(Data entries)
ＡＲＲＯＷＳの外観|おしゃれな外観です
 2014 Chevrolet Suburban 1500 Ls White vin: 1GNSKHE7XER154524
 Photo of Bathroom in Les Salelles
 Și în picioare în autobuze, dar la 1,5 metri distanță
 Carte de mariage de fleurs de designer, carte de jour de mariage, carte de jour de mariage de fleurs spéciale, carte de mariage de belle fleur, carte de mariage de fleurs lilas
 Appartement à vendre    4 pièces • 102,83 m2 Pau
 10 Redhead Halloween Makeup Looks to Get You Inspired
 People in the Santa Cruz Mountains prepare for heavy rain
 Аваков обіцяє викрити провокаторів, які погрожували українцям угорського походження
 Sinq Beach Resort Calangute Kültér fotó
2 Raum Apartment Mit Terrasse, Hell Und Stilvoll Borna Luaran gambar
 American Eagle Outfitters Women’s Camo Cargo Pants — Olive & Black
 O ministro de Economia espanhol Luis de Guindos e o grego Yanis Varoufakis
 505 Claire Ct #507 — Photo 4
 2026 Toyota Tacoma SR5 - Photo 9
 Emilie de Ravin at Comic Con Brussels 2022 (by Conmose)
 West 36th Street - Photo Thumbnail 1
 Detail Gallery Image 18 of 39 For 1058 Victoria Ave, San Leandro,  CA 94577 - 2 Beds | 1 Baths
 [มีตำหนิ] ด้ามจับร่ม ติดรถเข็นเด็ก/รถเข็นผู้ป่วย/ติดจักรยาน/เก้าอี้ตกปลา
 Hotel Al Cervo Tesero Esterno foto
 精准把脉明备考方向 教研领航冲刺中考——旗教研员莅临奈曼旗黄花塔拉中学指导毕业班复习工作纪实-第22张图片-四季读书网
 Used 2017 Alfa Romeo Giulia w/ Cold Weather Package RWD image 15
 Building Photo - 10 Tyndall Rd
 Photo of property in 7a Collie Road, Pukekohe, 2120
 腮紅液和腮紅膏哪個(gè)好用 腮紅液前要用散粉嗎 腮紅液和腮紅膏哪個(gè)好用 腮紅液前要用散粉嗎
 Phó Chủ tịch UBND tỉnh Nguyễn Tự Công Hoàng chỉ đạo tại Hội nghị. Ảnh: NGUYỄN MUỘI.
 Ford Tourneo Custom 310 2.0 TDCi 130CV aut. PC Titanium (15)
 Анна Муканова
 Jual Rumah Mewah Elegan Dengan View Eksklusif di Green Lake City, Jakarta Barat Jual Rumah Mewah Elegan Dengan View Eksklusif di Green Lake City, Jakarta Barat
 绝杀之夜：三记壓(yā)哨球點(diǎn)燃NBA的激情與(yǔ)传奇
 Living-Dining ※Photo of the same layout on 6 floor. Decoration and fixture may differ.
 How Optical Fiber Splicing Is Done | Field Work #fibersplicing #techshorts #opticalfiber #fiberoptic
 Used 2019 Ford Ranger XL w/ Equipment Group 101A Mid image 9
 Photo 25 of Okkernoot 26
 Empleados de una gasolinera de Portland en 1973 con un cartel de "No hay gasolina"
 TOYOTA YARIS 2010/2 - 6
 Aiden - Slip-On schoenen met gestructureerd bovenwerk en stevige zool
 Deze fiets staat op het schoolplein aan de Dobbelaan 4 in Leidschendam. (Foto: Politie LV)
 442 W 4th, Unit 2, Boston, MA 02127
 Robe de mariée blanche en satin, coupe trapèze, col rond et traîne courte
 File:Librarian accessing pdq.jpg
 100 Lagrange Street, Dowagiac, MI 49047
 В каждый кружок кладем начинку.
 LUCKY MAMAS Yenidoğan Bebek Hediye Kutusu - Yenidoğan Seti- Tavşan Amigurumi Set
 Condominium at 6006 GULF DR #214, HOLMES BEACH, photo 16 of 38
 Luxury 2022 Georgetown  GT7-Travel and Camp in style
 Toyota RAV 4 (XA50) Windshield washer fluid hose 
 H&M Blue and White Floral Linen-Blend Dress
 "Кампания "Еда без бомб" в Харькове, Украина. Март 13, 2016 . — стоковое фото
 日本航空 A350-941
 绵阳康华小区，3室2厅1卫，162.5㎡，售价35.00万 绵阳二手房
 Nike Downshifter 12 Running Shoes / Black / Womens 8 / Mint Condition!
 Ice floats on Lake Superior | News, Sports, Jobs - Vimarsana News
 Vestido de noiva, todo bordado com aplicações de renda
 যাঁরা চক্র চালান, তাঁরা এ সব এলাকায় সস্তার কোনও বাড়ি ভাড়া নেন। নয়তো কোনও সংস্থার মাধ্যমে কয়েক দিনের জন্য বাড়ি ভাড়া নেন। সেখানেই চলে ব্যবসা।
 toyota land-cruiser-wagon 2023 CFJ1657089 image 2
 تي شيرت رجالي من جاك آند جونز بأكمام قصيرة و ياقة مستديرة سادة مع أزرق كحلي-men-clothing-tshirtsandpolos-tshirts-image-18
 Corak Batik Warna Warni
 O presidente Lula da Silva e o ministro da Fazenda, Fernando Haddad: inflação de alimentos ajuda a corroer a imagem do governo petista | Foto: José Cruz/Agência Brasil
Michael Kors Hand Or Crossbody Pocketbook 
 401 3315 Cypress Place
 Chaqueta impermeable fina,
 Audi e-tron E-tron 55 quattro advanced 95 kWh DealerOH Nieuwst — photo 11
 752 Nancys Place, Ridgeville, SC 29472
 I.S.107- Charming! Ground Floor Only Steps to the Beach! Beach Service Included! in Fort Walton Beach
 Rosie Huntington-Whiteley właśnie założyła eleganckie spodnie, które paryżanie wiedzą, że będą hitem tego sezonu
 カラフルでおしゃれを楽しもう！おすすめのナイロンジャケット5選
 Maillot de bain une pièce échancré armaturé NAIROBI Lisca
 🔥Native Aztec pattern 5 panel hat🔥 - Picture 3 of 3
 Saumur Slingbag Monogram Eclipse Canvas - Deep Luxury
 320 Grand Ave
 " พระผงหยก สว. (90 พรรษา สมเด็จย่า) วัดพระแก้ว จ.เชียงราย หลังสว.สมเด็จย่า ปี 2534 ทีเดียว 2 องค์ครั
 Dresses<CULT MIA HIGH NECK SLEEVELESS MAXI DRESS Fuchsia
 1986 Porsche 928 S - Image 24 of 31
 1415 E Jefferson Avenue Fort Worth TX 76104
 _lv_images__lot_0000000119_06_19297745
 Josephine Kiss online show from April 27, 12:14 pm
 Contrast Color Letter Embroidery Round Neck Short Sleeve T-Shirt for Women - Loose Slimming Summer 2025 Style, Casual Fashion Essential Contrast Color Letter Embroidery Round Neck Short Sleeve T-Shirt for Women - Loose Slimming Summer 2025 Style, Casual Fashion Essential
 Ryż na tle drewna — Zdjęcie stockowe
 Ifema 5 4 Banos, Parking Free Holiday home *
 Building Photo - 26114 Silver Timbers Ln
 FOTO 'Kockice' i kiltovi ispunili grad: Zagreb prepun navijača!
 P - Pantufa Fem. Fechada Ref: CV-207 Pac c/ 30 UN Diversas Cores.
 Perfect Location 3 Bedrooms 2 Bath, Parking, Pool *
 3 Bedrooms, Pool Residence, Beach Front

## Your instructions
The entire set of entries, and nothing else, should be set down exactly.

## Written answer
ＡＲＲＯＷＳの外観|おしゃれな外観です
 2014 Chevrolet Suburban 1500 Ls White vin: 1GNSKHE7XER154524
 Photo of Bathroom in Les Salelles
 Și în picioare în autobuze, dar la 1,5 metri distanță
 Carte de mariage de fleurs de designer, carte de jour de mariage, carte de jour de mariage de fleurs spéciale, carte de mariage de belle fleur, carte de mariage de fleurs lilas
 Appartement à vendre    4 pièces • 102,83 m2 Pau
 10 Redhead Halloween Makeup Looks to Get You Inspired
 People in the Santa Cruz Mountains prepare for heavy rain
 Аваков обіцяє викрити провокаторів, які погрожували українцям угорського походження
 Sinq Beach Resort Calangute Kültér fotó
2 Raum Apartment Mit Terrasse, Hell Und Stilvoll Borna Luaran gambar
 American Eagle Outfitters Women’s Camo Cargo Pants — Olive & Black
 O ministro de Economia espanhol Luis de Guindos e o grego Yanis Varoufakis
 505 Claire Ct #507 — Photo 4
 2026 Toyota Tacoma SR5 - Photo 9
 Emilie de Ravin at Comic Con Brussels 2022 (by Conmose)
 West 36th Street - Photo Thumbnail 1
 Detail Gallery Image 18 of 39 For 1058 Victoria Ave, San Leandro,  CA 94577 - 2 Beds | 1 Baths
 [มีตำหนิ] ด้ามจับร่ม ติดรถเข็นเด็ก/รถเข็นผู้ป่วย/ติดจักรยาน/เก้าอี้ตกปลา
 Hotel Al Cervo Tesero Esterno foto
 精准把脉明备考方向 教研领航冲刺中考——旗教研员莅临奈曼旗黄花塔拉中学指导毕业班复习工作纪实-第22张图片-四季读书网
 Used 2017 Alfa Romeo Giulia w/ Cold Weather Package RWD image 15
 Building Photo - 10 Tyndall Rd
 Photo of property in 7a Collie Road, Pukekohe, 2120
 腮紅液和腮紅膏哪個(gè)好用 腮紅液前要用散粉嗎 腮紅液和腮紅膏哪個(gè)好用 腮紅液前要用散粉嗎
 Phó Chủ tịch UBND tỉnh Nguyễn Tự Công Hoàng chỉ đạo tại Hội nghị. Ảnh: NGUYỄN MUỘI.
 Ford Tourneo Custom 310 2.0 TDCi 130CV aut. PC Titanium (15)
 Анна Муканова
 Jual Rumah Mewah Elegan Dengan View Eksklusif di Green Lake City, Jakarta Barat Jual Rumah Mewah Elegan Dengan View Eksklusif di Green Lake City, Jakarta Barat
 绝杀之夜：三记壓(yā)哨球點(diǎn)燃NBA的激情與(yǔ)传奇
 Living-Dining ※Photo of the same layout on 6 floor. Decoration and fixture may differ.
 How Optical Fiber Splicing Is Done | Field Work #fibersplicing #techshorts #opticalfiber #fiberoptic
 Used 2019 Ford Ranger XL w/ Equipment Group 101A Mid image 9
 Photo 25 of Okkernoot 26
 Empleados de una gasolinera de Portland en 1973 con un cartel de "No hay gasolina"
 TOYOTA YARIS 2010/2 - 6
 Aiden - Slip-On schoenen met gestructureerd bovenwerk en stevige zool
 Deze fiets staat op het schoolplein aan de Dobbelaan 4 in Leidschendam. (Foto: Politie LV)
 442 W 4th, Unit 2, Boston, MA 02127
 Robe de mariée blanche en satin, coupe trapèze, col rond et traîne courte
 File:Librarian accessing pdq.jpg
 100 Lagrange Street, Dowagiac, MI 49047
 В каждый кружок кладем начинку.
 LUCKY MAMAS Yenidoğan Bebek Hediye Kutusu - Yenidoğan Seti- Tavşan Amigurumi Set
 Condominium at 6006 GULF DR #214, HOLMES BEACH, photo 16 of 38
 Luxury 2022 Georgetown  GT7-Travel and Camp in style
 Toyota RAV 4 (XA50) Windshield washer fluid hose 
 H&M Blue and White Floral Linen-Blend Dress
 "Кампания "Еда без бомб" в Харькове, Украина. Март 13, 2016 . — стоковое фото
 日本航空 A350-941
 绵阳康华小区，3室2厅1卫，162.5㎡，售价35.00万 绵阳二手房
 Nike Downshifter 12 Running Shoes / Black / Womens 8 / Mint Condition!
 Ice floats on Lake Superior | News, Sports, Jobs - Vimarsana News
 Vestido de noiva, todo bordado com aplicações de renda
 যাঁরা চক্র চালান, তাঁরা এ সব এলাকায় সস্তার কোনও বাড়ি ভাড়া নেন। নয়তো কোনও সংস্থার মাধ্যমে কয়েক দিনের জন্য বাড়ি ভাড়া নেন। সেখানেই চলে ব্যবসা।
 toyota land-cruiser-wagon 2023 CFJ1657089 image 2
 تي شيرت رجالي من جاك آند جونز بأكمام قصيرة و ياقة مستديرة سادة مع أزرق كحلي-men-clothing-tshirtsandpolos-tshirts-image-18
 Corak Batik Warna Warni
 O presidente Lula da Silva e o ministro da Fazenda, Fernando Haddad: inflação de alimentos ajuda a corroer a imagem do governo petista | Foto: José Cruz/Agência Brasil
Michael Kors Hand Or Crossbody Pocketbook 
 401 3315 Cypress Place
 Chaqueta impermeable fina,
 Audi e-tron E-tron 55 quattro advanced 95 kWh DealerOH Nieuwst — photo 11
 752 Nancys Place, Ridgeville, SC 29472
 I.S.107- Charming! Ground Floor Only Steps to the Beach! Beach Service Included! in Fort Walton Beach
 Rosie Huntington-Whiteley właśnie założyła eleganckie spodnie, które paryżanie wiedzą, że będą hitem tego sezonu
 カラフルでおしゃれを楽しもう！おすすめのナイロンジャケット5選
 Maillot de bain une pièce échancré armaturé NAIROBI Lisca
 🔥Native Aztec pattern 5 panel hat🔥 - Picture 3 of 3
 Saumur Slingbag Monogram Eclipse Canvas - Deep Luxury
 320 Grand Ave
 " พระผงหยก สว. (90 พรรษา สมเด็จย่า) วัดพระแก้ว จ.เชียงราย หลังสว.สมเด็จย่า ปี 2534 ทีเดียว 2 องค์ครั
 Dresses<CULT MIA HIGH NECK SLEEVELESS MAXI DRESS Fuchsia
 1986 Porsche 928 S - Image 24 of 31
 1415 E Jefferson Avenue Fort Worth TX 76104
 _lv_images__lot_0000000119_06_19297745
 Josephine Kiss online show from April 27, 12:14 pm
 Contrast Color Letter Embroidery Round Neck Short Sleeve T-Shirt for Women - Loose Slimming Summer 2025 Style, Casual Fashion Essential Contrast Color Letter Embroidery Round Neck Short Sleeve T-Shirt for Women - Loose Slimming Summer 2025 Style, Casual Fashion Essential
 Ryż na tle drewna — Zdjęcie stockowe
 Ifema 5 4 Banos, Parking Free Holiday home *
 Building Photo - 26114 Silver Timbers Ln
 FOTO 'Kockice' i kiltovi ispunili grad: Zagreb prepun navijača!
 P - Pantufa Fem. Fechada Ref: CV-207 Pac c/ 30 UN Diversas Cores.
 Perfect Location 3 Bedrooms 2 Bath, Parking, Pool *
 3 Bedrooms, Pool Residence, Beach Front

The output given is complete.